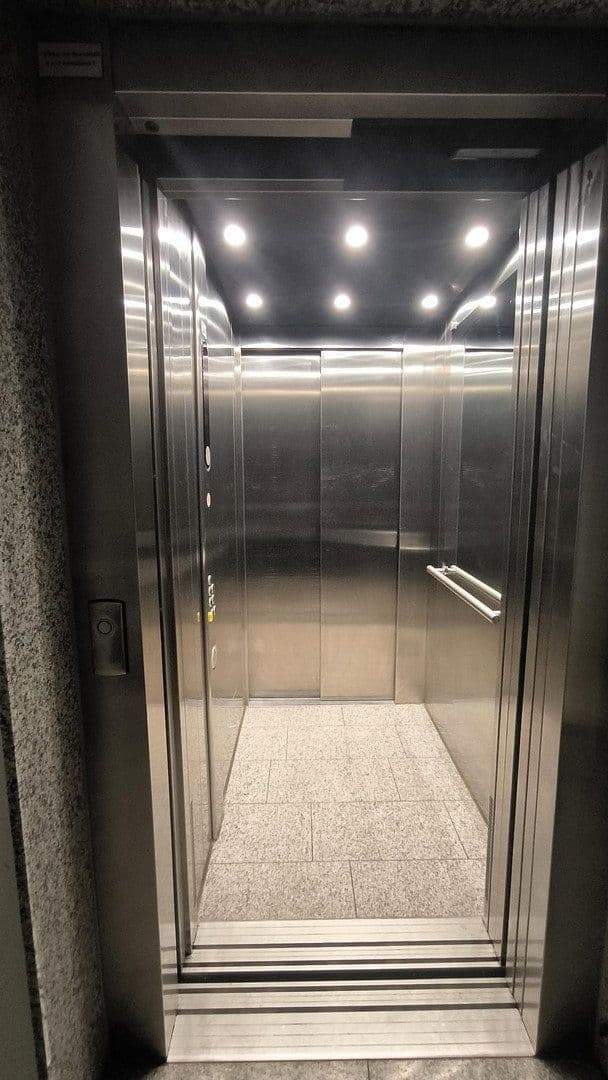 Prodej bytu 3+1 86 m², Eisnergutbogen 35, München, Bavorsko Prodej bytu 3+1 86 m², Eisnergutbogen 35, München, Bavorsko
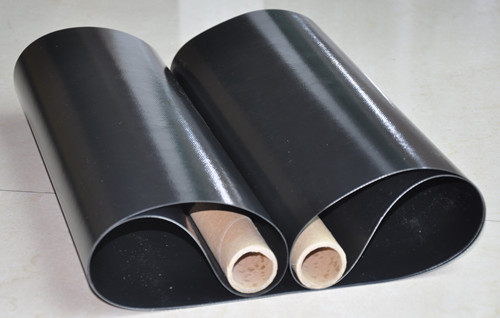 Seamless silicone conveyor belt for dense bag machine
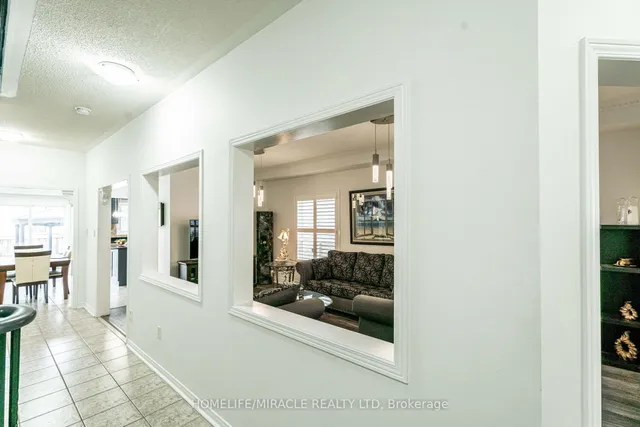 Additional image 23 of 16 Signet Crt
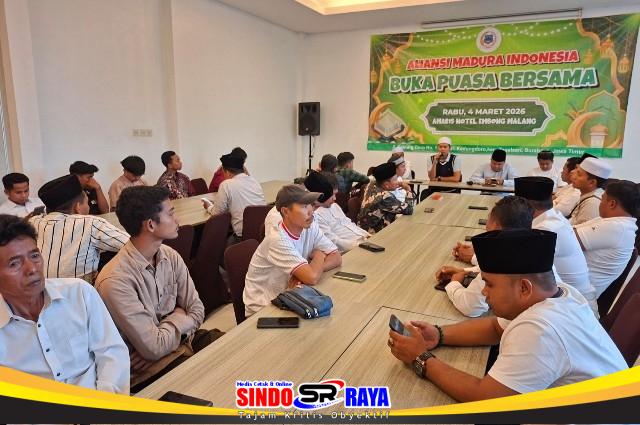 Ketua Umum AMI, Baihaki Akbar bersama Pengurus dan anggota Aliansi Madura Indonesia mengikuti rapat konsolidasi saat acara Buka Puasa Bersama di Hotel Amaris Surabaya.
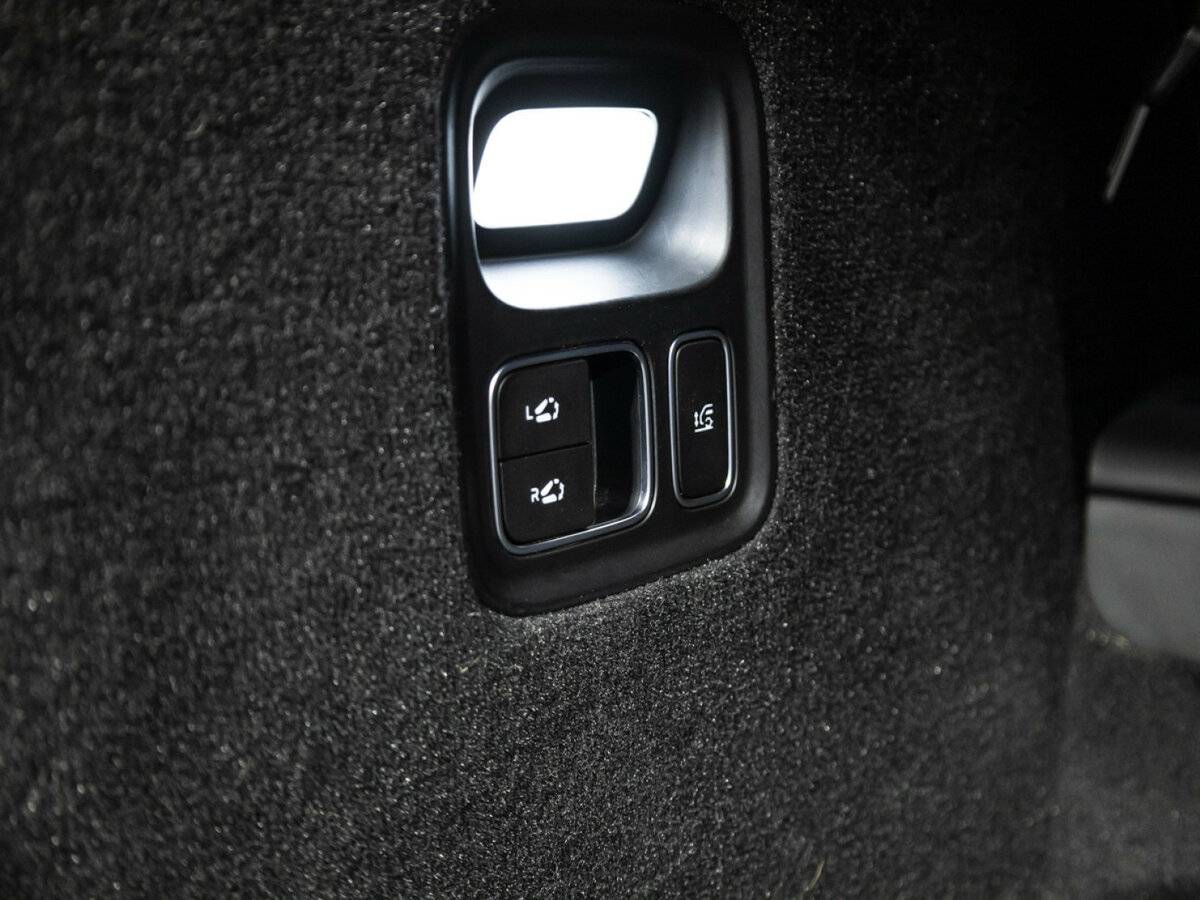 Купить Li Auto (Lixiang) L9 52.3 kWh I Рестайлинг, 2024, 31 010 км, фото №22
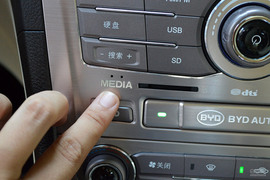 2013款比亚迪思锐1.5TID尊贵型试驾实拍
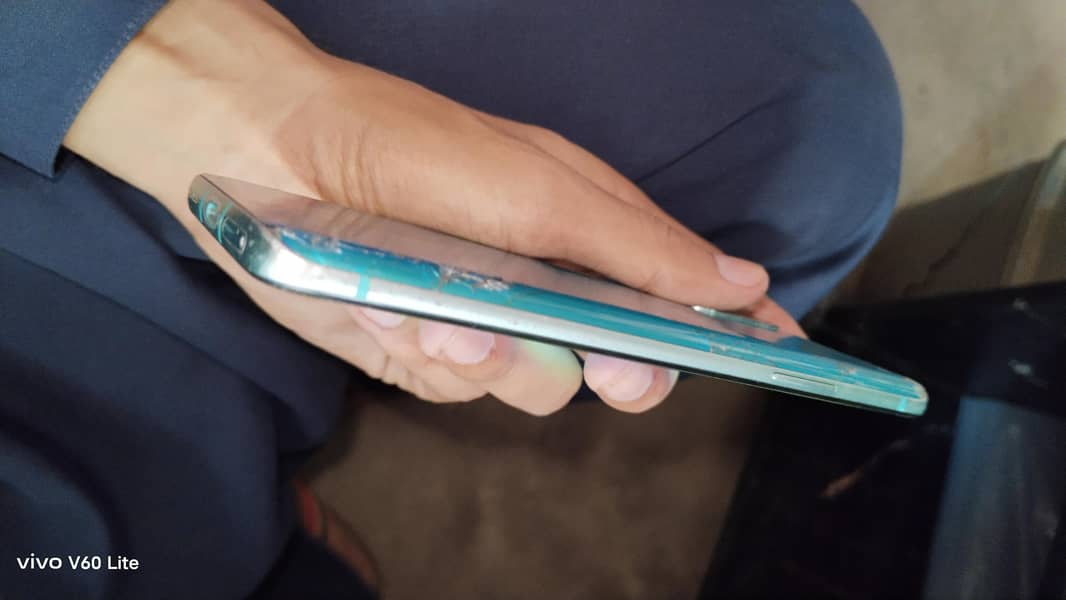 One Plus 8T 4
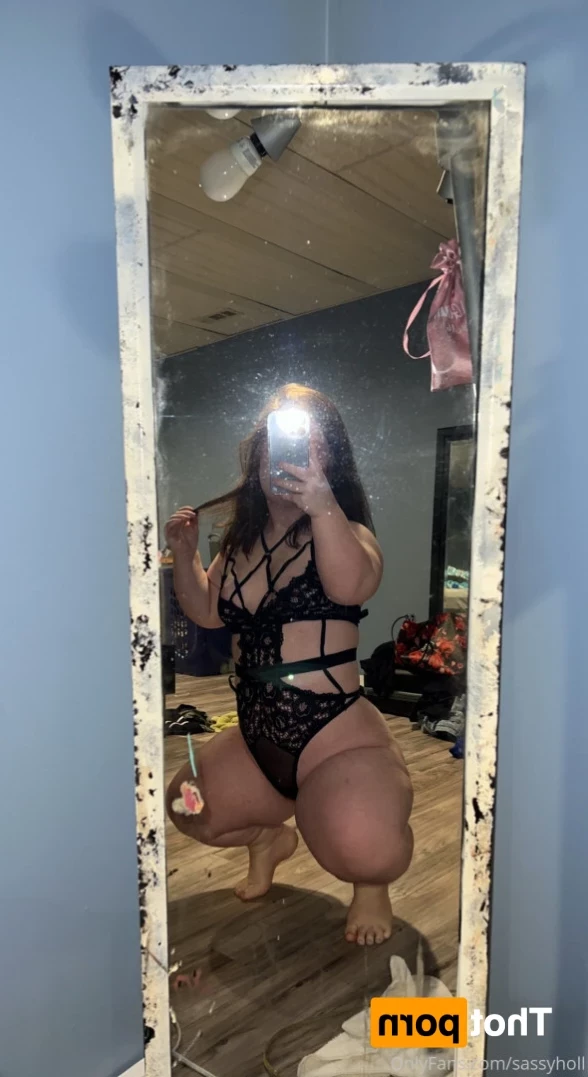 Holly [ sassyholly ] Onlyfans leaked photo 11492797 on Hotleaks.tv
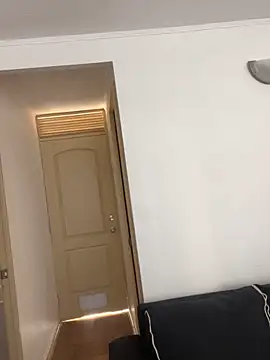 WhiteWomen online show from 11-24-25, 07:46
━━━
Directions: Leave the pictures out and repeat exactly the lines from the beginning of the records to the line bearing "One Plus 8T 4", both ends counted.

Exercise output:
 Prodej bytu 3+1 86 m², Eisnergutbogen 35, München, Bavorsko Prodej bytu 3+1 86 m², Eisnergutbogen 35, München, Bavorsko
 Seamless silicone conveyor belt for dense bag machine
 Additional image 23 of 16 Signet Crt
 Ketua Umum AMI, Baihaki Akbar bersama Pengurus dan anggota Aliansi Madura Indonesia mengikuti rapat konsolidasi saat acara Buka Puasa Bersama di Hotel Amaris Surabaya.
 Купить Li Auto (Lixiang) L9 52.3 kWh I Рестайлинг, 2024, 31 010 км, фото №22
 2013款比亚迪思锐1.5TID尊贵型试驾实拍
 One Plus 8T 4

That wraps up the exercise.